I was not built for extreme temperature fluctuations. However (I hope you realise this was leading somewhere and not just some kind of editorial jeremiad against Swiss weather), some things are. Some things, in fact, thrive and flourish on extreme temperature fluctuations. I am speaking, of course, of the famed Jaeger-LeCoultre Atmos, the clock that reputedly lives on air. It doesn’t live on air, obviously. It’s powered by changes in temperature and atmospheric pressure.

When The Temperature Changes...

This stems from the fact that both temperature and atmospheric pressure can affect states of matter. We all know (at least, I hope we all know) that matter transitions from solid to liquid to gaseous form as the temperature increases. Fewer people are aware that melting and boiling points can change at different levels of atmospheric pressure. The temperature at which water boils, for example, decreases as the altitude increases. If you tried to brew a cup of tea at the summit of Mt Everest, the tea wouldn’t be very good. As ridiculous as it might sounds, the boiling water just wouldn’t be hot enough.

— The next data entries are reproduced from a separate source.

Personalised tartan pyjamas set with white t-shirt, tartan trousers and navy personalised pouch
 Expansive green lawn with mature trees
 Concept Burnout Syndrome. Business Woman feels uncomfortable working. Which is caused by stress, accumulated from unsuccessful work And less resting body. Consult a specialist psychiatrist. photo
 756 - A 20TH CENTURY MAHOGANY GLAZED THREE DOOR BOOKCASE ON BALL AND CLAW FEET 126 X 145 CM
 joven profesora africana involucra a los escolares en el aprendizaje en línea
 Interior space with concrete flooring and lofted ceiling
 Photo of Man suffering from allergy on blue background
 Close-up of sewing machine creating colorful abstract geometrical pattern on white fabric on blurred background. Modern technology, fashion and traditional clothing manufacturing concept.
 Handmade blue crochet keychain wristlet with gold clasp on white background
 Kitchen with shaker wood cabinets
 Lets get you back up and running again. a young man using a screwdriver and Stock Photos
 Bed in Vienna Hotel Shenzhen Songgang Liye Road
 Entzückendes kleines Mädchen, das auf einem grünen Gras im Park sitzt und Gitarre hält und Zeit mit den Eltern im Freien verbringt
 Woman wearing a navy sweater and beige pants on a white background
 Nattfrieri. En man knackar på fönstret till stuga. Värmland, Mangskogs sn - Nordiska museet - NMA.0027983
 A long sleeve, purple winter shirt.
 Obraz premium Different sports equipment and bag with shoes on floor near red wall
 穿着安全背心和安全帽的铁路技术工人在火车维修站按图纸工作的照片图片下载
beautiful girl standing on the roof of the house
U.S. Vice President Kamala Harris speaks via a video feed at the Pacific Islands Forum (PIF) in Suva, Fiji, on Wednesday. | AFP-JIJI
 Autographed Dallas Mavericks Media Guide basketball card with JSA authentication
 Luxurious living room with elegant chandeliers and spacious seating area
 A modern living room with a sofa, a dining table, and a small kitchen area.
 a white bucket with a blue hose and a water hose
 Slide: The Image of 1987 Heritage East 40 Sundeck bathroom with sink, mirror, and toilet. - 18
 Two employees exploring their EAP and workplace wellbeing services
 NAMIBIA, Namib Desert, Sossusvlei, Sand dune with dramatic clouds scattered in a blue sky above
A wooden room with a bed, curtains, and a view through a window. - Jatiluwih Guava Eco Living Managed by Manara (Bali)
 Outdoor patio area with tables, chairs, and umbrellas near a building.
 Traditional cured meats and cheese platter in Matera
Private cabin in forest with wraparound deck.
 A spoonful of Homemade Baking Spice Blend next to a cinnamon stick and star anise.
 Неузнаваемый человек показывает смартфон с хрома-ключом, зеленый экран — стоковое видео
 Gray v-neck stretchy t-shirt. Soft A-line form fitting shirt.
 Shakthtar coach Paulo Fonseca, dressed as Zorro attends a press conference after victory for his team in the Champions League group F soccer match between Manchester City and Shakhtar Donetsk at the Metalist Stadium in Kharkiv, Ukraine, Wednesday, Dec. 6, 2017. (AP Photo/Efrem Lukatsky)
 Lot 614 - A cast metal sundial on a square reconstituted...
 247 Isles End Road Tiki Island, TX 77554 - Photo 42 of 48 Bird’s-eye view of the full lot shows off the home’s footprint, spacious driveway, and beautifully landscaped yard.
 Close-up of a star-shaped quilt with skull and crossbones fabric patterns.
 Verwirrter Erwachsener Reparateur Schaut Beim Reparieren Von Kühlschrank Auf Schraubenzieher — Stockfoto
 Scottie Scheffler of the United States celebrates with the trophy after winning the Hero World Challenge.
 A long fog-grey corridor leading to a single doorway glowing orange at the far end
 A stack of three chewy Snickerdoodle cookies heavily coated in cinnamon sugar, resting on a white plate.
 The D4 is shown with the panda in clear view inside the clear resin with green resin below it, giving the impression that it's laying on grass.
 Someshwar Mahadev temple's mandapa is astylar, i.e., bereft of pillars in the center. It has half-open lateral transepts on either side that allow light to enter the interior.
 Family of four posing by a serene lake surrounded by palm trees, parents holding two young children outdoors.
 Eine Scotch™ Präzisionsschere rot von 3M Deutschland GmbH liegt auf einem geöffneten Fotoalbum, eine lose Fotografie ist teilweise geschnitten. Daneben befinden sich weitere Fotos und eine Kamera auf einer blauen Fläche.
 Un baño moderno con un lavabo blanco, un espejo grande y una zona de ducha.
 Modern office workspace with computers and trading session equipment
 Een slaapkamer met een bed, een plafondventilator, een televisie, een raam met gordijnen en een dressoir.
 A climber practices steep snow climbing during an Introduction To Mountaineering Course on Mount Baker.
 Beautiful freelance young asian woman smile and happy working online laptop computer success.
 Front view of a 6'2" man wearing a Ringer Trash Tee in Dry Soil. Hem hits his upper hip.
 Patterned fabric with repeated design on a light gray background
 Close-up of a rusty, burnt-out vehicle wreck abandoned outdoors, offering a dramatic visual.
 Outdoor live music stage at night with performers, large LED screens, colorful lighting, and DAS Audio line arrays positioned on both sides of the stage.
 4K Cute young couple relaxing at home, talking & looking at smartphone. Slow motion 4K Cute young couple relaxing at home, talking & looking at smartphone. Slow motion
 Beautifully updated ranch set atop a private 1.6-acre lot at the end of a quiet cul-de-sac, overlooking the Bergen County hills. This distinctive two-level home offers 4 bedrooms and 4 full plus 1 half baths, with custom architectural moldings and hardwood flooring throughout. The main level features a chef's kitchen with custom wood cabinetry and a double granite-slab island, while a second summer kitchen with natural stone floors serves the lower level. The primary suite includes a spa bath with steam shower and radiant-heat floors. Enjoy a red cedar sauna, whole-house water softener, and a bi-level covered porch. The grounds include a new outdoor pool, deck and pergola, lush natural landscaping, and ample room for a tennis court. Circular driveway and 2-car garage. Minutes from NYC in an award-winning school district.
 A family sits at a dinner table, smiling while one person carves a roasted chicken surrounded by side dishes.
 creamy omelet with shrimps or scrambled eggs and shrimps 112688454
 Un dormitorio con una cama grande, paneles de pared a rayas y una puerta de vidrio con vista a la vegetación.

Go high up enough, around 45,000ft, and you could quite comfortably stick your hand into a pot of furiously bubbling water — although I don’t necessarily advise you to try this.

Instead, turn your attention to the Jaeger-LeCoultre Atmos. The Atmos is not just an example of how boiling points can be manipulated just by pressurising matter, it is also a brilliant practical application of this phenomenon. In addition, it is incredibly energy efficient. So sensitive is the clock mechanism that one degree of temperature fluctuation is enough to power the Atmos for 48 hours.

Now, the key to the Atmos clock’s apparently physics-defying operation lies in the principle we examined earlier. Behind the movement of every single Atmos clock produced between the late 1930s and the present day is a hermetically sealed capsule of pressurised ethyl chloride. Ethyl chloride is a chemical used for its numbing properties in dentistry, it is a thickening agent used in paint, athletes use it in spray form to soothe aching muscles, kids inhale it in clubs to get high. Most importantly for the purposes of the Atmos clock, ethyl chloride is highly reactive to changes in temperature and atmospheric pressure, and it has a sea-level boiling point of 12.3°C.

When The Temperature Changes...

At room temperature, ethyl chloride would be a gas, floating around your head, smelling faintly sweet and inducing fits of dizzy giggles. When pressurised and sealed in an airtight capsule, as it is in the Atmos, ethyl chloride exists as a liquid, even at temperatures well above its sea-level boiling point. In response to tiny changes in atmospheric pressure or temperature, the pressurised ethyl chloride is alternately vaporised or condensed, pushing or pulling upon a flexible membrane that makes up the active surface of the capsule. This membrane is coupled to a ratchet-and-pawl system, and as the ethyl chloride vaporises (expands) or condenses (contracts), the rise and fall of the membrane surface engages the ratchet wheel, moving a series of intermediate wheels that ultimately winds the mainspring.

The movement is calibrated to superfine levels of sensitivity — remember that 48 hours of power reserve is derived from a single degree of temperature fluctuation. Consider all this in context of an oscillator that only completes a single full oscillation once a minute (30s for each semi-oscillation), and you start to understand the exquisite delicacy of an Atmos clock movement. This is why it’s usually not considered very wise to move an Atmos clock after it’s been placed in a particular location. In this regard, I have to say that the Atmos and I share a common point. Especially during the winter months, it is extremely unwise to move me from my fixed location, and you won’t be surprised to learn that the location in question is: right next to a heater set to full blast.